Surge glaciers can sluice down a valley at rates of up to a few kilometers a day, said Hall. Once they attain their final destination, they stagnate or gradually retreat for the next ten-to-fifty years. Tidewater glaciers, on the other hand, advance for roughly a thousand years before reaching their destination, explained Hall. When they encounter the sea, they calve and drop icebergs into the water as they continue to make their way out into the ocean. They then pull back and retreat over the course of one or two hundred years.
The Muir tidewater glacier in Alaska’s Glacier Bay has been observed for nearly 200 years. Explorers in the mid-1700s recorded observations of Muir at its peak. They noticed that about two hundred years ago it began to recede. Recent measurements show that the glacier has withdrawn more than 90 kilometers (Hall et. al., 1994).

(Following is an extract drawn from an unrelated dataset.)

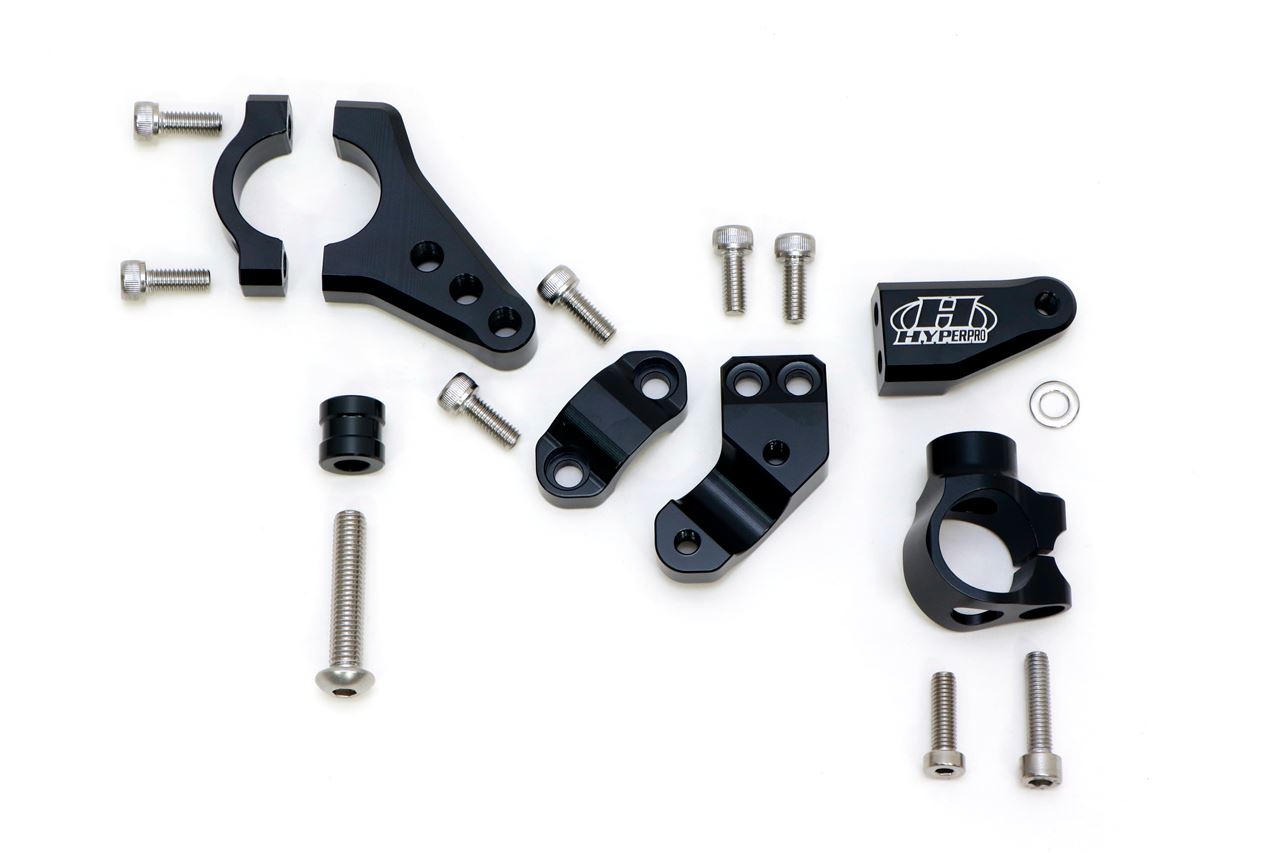 CNC Steering Damper Stay 100mm Forward Pillow Ball Black TYPE-3 CT125 Hunter Cub 23-25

Challenges to detecting glacial change
Most small glaciers in the world are not as exciting as surge and tidewater glaciers. They may form on the tops of mountains and slowly make their way over hundreds of years through valleys and across plains. A change in the yearly temperature around a glacier can cause it to expand or contract. Hall said, "By measuring the terminus of the glacier periodically, scientists can tell if the local climate is changing. To get an indication of whether the global climate is changing, researchers must monitor these small glaciers across the planet, and for many years to decades"
Before man-made satellites were invented, monitoring enough glaciers to get a measure of global climate change would have been impossible, said Hall. Some glaciers tend to extend in many different directions. As they melt, one part may retract and another part may stay put. Between 1973 and 1987, many outlet glaciers of the Vatnajökull ice cap in Iceland has been steadily receding. Yet, parts of the glacier haven't moved at all (Hall et al. 1992). If scientists were to travel to the glacier and measure just this section, they could be deceived. Measurements have to be made regularly at every extension of the ice cap to see if the glacier as a whole is melting, Hall said. While this may be feasible for one glacier, it is nearly impossible to measure a hundred glaciers this way.
Satellite sensors such as those on Landsat 5 and Landsat 7 allow scientists to measure the entire rim of any glacier on an annual basis, cloud cover permitting. These satellites each have seven different types of light detectors (photoreceptors) on board, which acquire images of different wavelengths of sunlight being reflected off of the Earth. One light detector records only the blue light coming off the Earth (band 1). Another observes all the yellow-green light (band 2) and still another picks up on all the near-infrared light (band 4). The satellites move in circular orbits, very nearly from pole-to-pole, around the Earth and scan strip after strip of our spinning planet. The satellites’ images are then beamed back to the surface, where Hall and other researchers can examine them.
Using satellites to measure glaciers

The trick to measuring the extent of a glacier using a satellite image lies in distinguishing the glacier’s edge from the surrounding land. Unfortunately, this task isn’t as simple as drawing a line on the image between what looks like a glacier and what looks like land. Both glaciers and the surrounding ground often have the same dark gray coloring and can be easily confused by sight.
To separate glacier from surrounding land more accurately, scientists must look at specific types of light being reflected. As can be seen through a prism, sunlight contains many different individual colors (wavelengths). When sunlight strikes objects, certain colors of the spectrum are absorbed and others are reflected. The reflected wavelengths give an object its color.
Like most white objects, the glacier reflects nearly all the colors of the visible spectrum, including the yellow-green sunlight. Yet, a glacier absorbs near-infrared wavelengths of solar energy (light to the right of red on the color spectrum). The research teams using the Landsat 5 and Landsat 7 satellites differentiate snow from other solid materials by looking at the difference between the infrared and yellow-green wavelengths that are reflected. Whenever the difference is large, the area in question is likely to be snow or glacier ice (Hall et al. 1998). By tracking the edges of a glacier from year to year, scientists are often able to see if it is receding or advancing.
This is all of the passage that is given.